How long have you been married to your wife?

It sounds like your wife is not employed and has no money of her own. Does she have access to a joint bank account? Is that where she's getting the money from? What have you don't to end her access to money?

If she had no access to money, they scammer will go away.


----------



## mr.video (Nov 28, 2021)

EleGirl said:


> How long have you been married to your wife?
> 
> It sounds like your wife is not employed and has no money of her own. Does she have access to a joint bank account? Is that where she's getting the money from? What have you don't to end her access to money?
> 
> If she had no access to money, they scammer will go away.


18 pretty decent years of marriage. We are both retired, and both well off financially. She has used her own accounts so far. She made the mistake of telling the scammer how much money we have. This is why he's been so tenacious. Of course, he's teasing information out of her. There's already been an attack on my investment account. I've maxed out security and changed all security questions to random words.

Worst case scenario is a kidnapping and ransom demand. These scams sometimes end this way when a lot of money is involved. 
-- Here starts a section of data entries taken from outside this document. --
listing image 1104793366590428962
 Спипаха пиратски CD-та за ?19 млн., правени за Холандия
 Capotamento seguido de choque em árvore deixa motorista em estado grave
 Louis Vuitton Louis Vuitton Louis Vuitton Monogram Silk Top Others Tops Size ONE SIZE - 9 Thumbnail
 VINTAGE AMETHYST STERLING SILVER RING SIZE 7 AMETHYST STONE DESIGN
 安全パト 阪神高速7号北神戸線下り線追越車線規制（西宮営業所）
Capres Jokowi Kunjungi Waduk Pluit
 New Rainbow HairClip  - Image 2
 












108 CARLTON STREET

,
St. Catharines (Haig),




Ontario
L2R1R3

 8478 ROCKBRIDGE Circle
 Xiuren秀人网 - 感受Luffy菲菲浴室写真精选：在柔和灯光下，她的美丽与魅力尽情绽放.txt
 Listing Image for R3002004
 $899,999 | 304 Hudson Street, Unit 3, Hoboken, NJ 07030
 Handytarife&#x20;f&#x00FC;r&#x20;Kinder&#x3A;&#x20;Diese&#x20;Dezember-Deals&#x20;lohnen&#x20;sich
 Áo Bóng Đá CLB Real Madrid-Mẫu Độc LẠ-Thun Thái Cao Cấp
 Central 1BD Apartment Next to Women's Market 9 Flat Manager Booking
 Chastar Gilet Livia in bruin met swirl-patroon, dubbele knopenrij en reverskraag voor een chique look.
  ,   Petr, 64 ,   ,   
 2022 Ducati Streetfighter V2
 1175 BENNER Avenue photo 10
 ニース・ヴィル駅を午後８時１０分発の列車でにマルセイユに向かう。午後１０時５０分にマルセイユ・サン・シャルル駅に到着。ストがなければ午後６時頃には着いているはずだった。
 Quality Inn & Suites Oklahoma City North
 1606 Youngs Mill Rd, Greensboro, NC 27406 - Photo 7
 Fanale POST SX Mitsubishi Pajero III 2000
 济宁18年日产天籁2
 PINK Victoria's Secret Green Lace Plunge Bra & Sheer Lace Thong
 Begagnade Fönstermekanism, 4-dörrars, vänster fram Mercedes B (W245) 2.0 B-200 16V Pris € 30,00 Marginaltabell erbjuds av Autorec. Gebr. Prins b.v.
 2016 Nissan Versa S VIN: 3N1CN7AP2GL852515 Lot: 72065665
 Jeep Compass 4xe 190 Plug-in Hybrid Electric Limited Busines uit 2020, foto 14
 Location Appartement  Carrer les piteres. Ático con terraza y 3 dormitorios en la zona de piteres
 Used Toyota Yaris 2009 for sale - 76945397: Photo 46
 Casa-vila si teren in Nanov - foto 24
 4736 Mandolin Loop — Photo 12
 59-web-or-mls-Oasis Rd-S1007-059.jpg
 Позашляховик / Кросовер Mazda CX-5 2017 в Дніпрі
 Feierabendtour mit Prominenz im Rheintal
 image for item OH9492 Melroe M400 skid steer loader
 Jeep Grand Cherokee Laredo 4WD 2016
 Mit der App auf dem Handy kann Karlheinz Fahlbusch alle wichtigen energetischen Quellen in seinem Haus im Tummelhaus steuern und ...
I have locked down all her money. This has spurred scammer to push her hard towards divorce.


----------



## ConanHub (Aug 9, 2013)

mr.video said:


> This is a doozy. Several months ago, wife started a chat online with a scammer pretending to be J Hope, a famous K Pop star. Somehow he convinced my wife that he (famous wealthy 27-year old pop star) is in love with my 63-year old overweight wife, and wants to marry her.
> 
> In the process, he has tricked her into sending him over $60,000. When I discovered their conversation, I could see she was trying to figure out how to send him $300,000 for a house. The conversation referred to my wife leaving me at the end of the year.
> 
> I thought it would be easy to bring her out of this delusion, but she appears immune to logic or pressure, even when I've involved other family members. I've locked down her accounts, but this has only caused the scammer to push her hard towards divorce, which is what she's doing. I've tried technical solutions, blocking email, texting etc, but they always find new ways to reconnect.


Have her committed.


----------



## Diana7 (Apr 19, 2016)

mr.video said:


> 18 pretty decent years of marriage. We are both retired, and both well off financially. She has used her own accounts so far. She made the mistake of telling the scammer how much money we have. This is why he's been so tenacious. Of course, he's teasing information out of her. There's already been an attack on my investment account. I've maxed out security and changed all security questions to random words.
> 
> Worst case scenario is a kidnapping and ransom demand. These scams sometimes end this way when a lot of money is involved.
> 
> I have locked down all her money. This has spurred scammer to push her hard towards divorce.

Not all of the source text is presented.